The U.S. is on a path to universal health care that started with Franklin Roosevelt’s 1940s passage of Social Security, says former U.S. Health and Human Services Secretary Kathleen Sebelius. The next steps, she said, will include efforts to address Republicans’ “regulatory sabotage” of the Affordable Care Act.
Sebelius, who headed the department during the law’s passage and implementation, said that even a repaired ACA will leave gaps in coverage, access, and quality. Debate over the next two years — health care is likely to be an issue again in the 2020 election, she said — should help illuminate how to fill those gaps.
“We’re still a way from universal coverage, we’re still a way from affordable care for everyone,” Sebelius said.
Speaking Tuesday at Harvard Medical School’s New Research Building to mark the Department of Health Care Policy’s 30th anniversary, Sebelius said that a fruitful area of inquiry for researchers would be to measure whether public opinion favors incremental health care fixes or sweeping reform.
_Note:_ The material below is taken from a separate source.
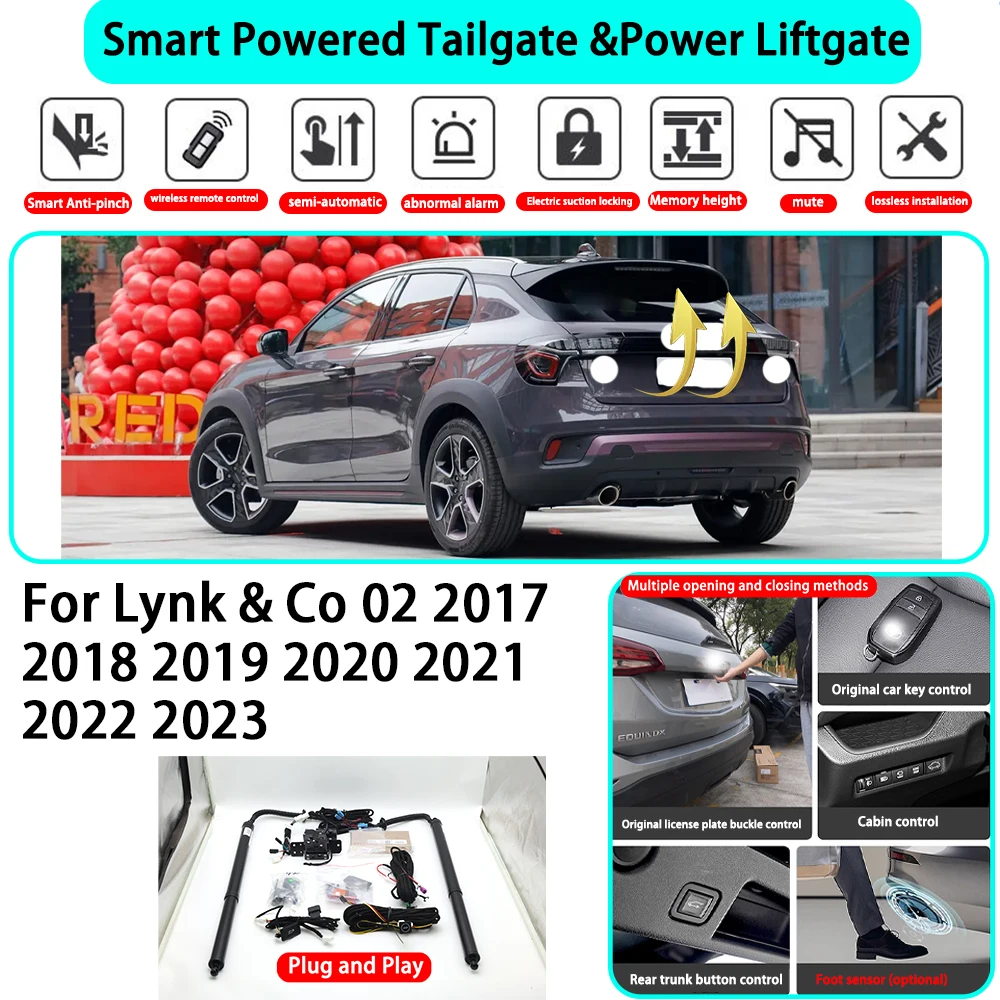 

﻿for Lynk & Co 02 2017 2018 2019 2020 2021 2022 2023 Smart Automatic Powered Tailgate Electric Power Tailgate Lift Kit Key Close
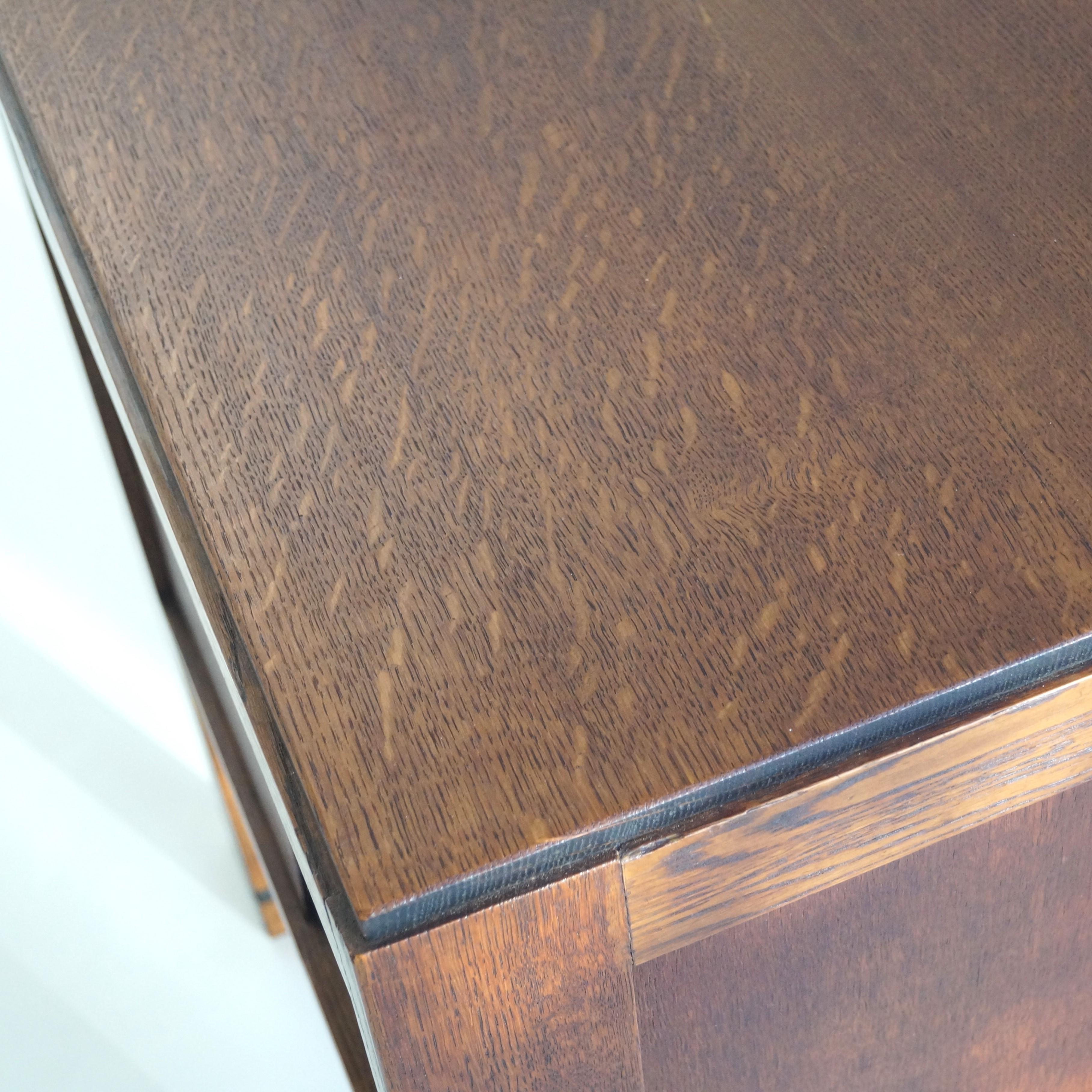 Dutch Art Deco modernist square occasional table, 1920s 14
Radical change would be counterproductive were it to a spark a backlash with the potential to undo hard-won gains, she said.
What is clear is that public sentiment on the ACA has “flipped,” Sebelius said, noting not just the failure by Congressional Republicans to repeal the act, but also the election of three new governors who support Medicaid expansion and passage of ballot initiatives supporting expansion in three others.
Sebelius’ keynote address capped a half-day celebration that included remarks from the Department of Health Care Policy’s founding chair, Barbara McNeil; HMS Dean George Daley, who called in; and Harvard President Larry Bacow.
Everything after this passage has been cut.